Not Shutting Down: Staying Engaged in an Era of Environmental Loss
UW Helen C. White Hall 600 N. Park St., Madison, Wisconsin
press release: Can the beauty of Earth re-inspire us even in the most trying times? Environmental historians (and journalists) face the challenge of telling stories that are true (and therefore too often lack happy endings) and yet do not cause our audiences to go numb and stop listening. After writing recent books on climate change and extinction, deBuys will speak about his efforts to grapple with these dilemmas and share his (admittedly provisional) answers. Please join us for a talk and conversation aimed at thinking through these topics together.

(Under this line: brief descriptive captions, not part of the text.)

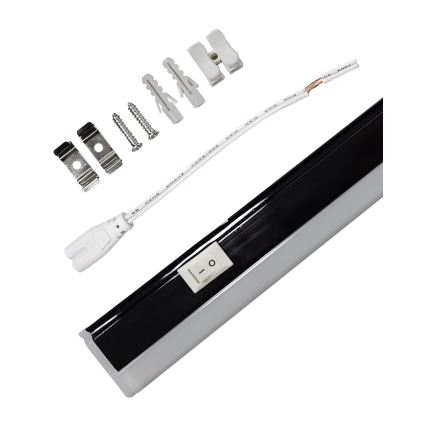 LED apakšskapja gaismeklis TUBE LED/14W/230V 90 cm melns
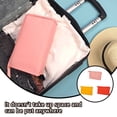 thumbnail image 3 of Inteprter Bolsa de clasificación bolsa de maquillaje a prueba de polvo con asa bolsa de almacenamiento diseño plegable mujer señora compras Almacenamiento y organización del hogar, 3 of 6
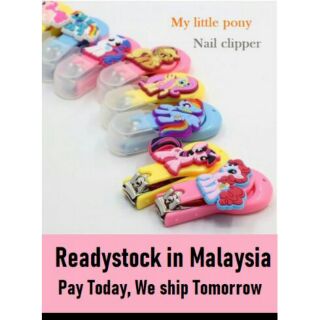 🌟Malaysia Stock🌟🌟Raya Arrival My Little Pony Nail Clipper/cutter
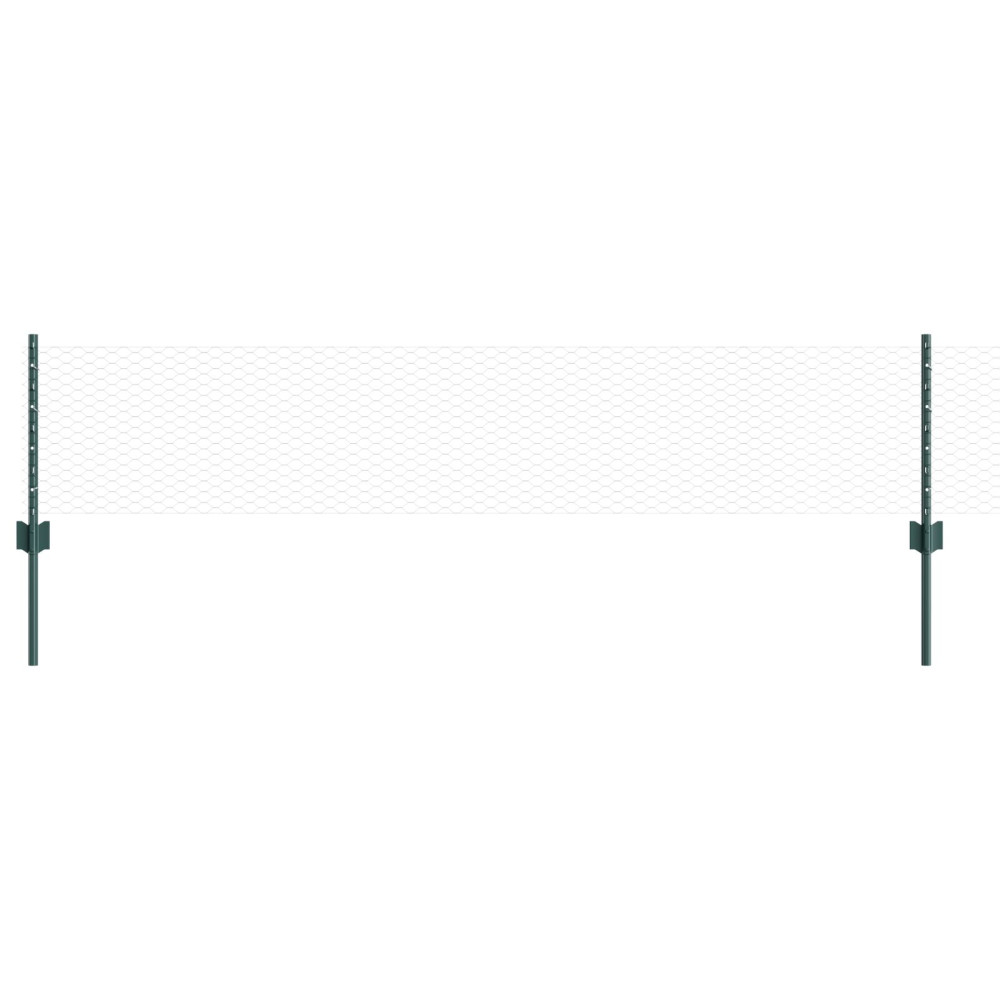 Produktbild för Svetsat trådstängsel 10 x 0,4 m (B x H) PVC-belagda stål Grön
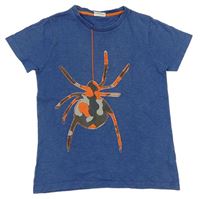 Tmavomodré tričko s pavoukem Mini Boden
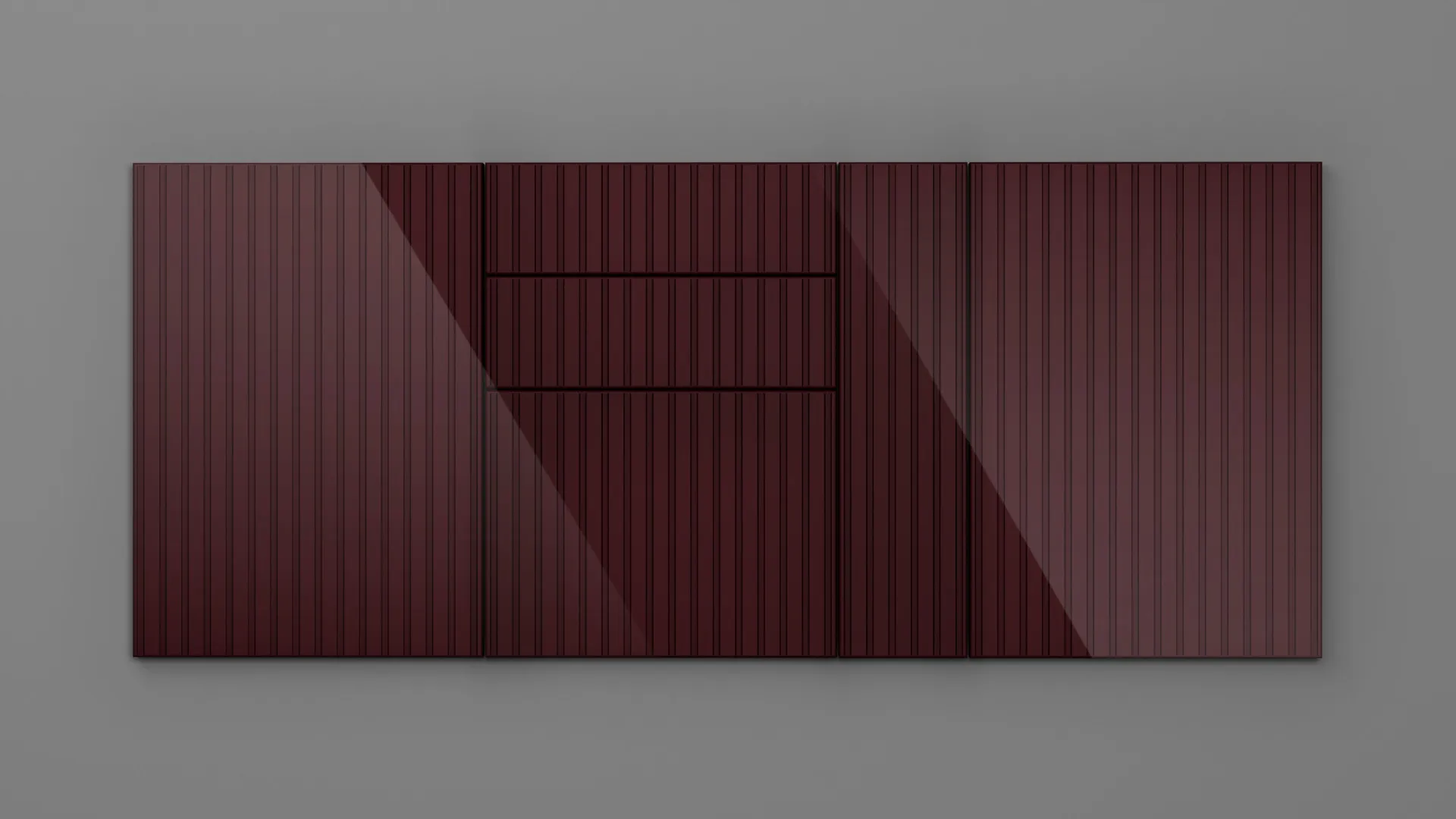 18 mm A356/R3 BORDO HG 3D - high gloss 3d - culori uni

William deBuys’s eight books include The Last Unicorn: A Search for One of Earth’s Rarest Creatures (listed by the Christian Science Monitor as one of the ten best non-fiction books of 2015), A Great Aridness: Climate Change and the Future of the American West (2011), The Walk (2008), Seeing Things Whole: The Essential John Wesley Powell (2001), Salt Dreams (1999), and River of Traps (a 1991 Pulitzer finalist). He was a 2008-2009 Guggenheim Fellow. His conservation work over many years has included land acquisition, river protection, and grass banking. He serves on the advisory board of the Liz Claiborne Art Ortenberg Foundation and lives and writes on a small farm in northern New Mexico that he has tended since the 1970s.